Il corridoio e le celle di San Vittore
Corridoio e celle di San Vittore

Visitare il quartiere ‘nascosto’: le voci e i volti di San Vittore in mostra all’Umanitaria di Milano

Un progetto, ora mostra, nato per incontrare e ascoltare le storie delle persone che abitano San Vittore: è ‘Il carcere: quartiere della città’.

È un quartiere particolare quello della Casa circondariale di Milano, in cui ogni giorno entrano persone che lo frequentano per lavoro o per passione civile e spirituale, per poche o per tante ore.

Biografi formati alla LUA – Libera Università dell’Autobiografia e coordinati da Laura Gaggini ha raccolto più di cinquanta interviste che sono state registrate, sbobinate e successivamente sottoposte ai protagonisti per eventuali correzioni.

Queste storie di vita fanno da cornice a una mostra fotografica realizzata da Margherita Lazzati, che ha raccolto immagini dei luoghi del carcere di San Vittore.

La mostra è visitabile nel Chiostro dei Glicini, presso la Società Umanitaria con ingresso da via San Barnaba 48, fino a sabato 10 luglio 2021 dalle 8.30-20.00.

A promuovere il progetto, l’associazione “Verso Itaca APS” insieme alla “Casa Circondariale San Vittore” con il sostegno per due annualità di Fondazione Cariplo.

“Il filo che tiene insieme questo progetto è l’idea che davvero il carcere sia un quartiere della città dove uomini e donne si sono trovati a vivere gli uni accanto agli altri per passione, per scelta, per errore o per imprevedibili circostanze della vita – spiega Carla Chiappini, Verso Itaca APS – . E l’obiettivo è quello di collocare questo quartiere ricco di umanità nel cuore della città esterna”.

In questo senso, “nel carcere di San Vittore, con l’autorizzazione del Direttore Giacinto Siciliano e il costante accompagnamento della Dottoressa Elisabetta Palù, ho fotografato celle, gallerie, cortili, mura e orizzonti ristretti – racconta Margherita Lazzati -. Al centro della città, luoghi che alla città sono inconsapevolmente sconosciuti”.

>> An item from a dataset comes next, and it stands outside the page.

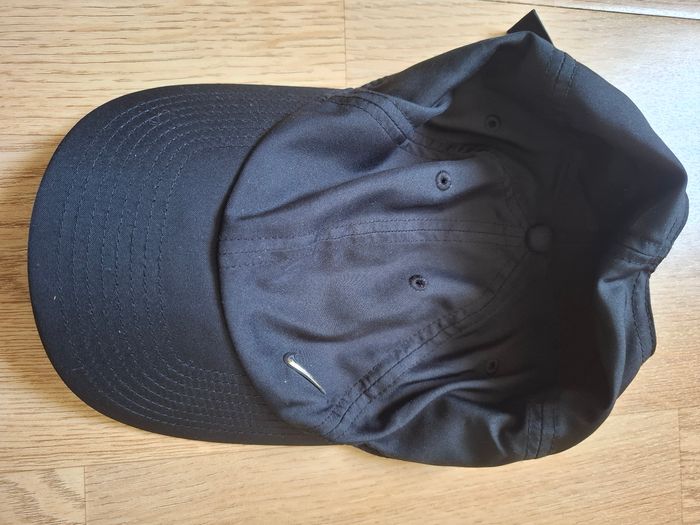 casquette nike noir - photo numéro 4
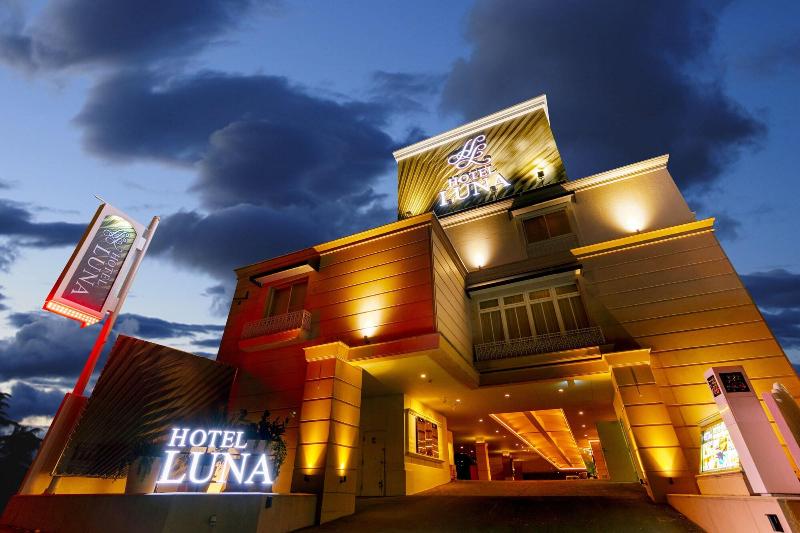 Hotel Luna Kashiba — hotel in Kashiba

Chi non si vede è al centro

“A differenza delle fotografie che ho presentato fino a oggi, qui non si vedono quasi mai persone – chiude la fotografa -. È una mostra che inevitabilmente parla degli spazi fisici, obbligati, che le persone vivono. Detenuti, polizia penitenziaria, operatori, volontari… non compaiono, ma sono i veri protagonisti di questi luoghi”.

Alla realizzazione hanno collaborato: AUSER, Centro Nazionale di Ricerche e Studi Autobiografici Athe Gracci, Progetto Ekotonos, Quartieri Tranquilli e il patrocinio della Camera Penale di Milano. La mostra è curata dalla Galleria l’Affiche di Milano.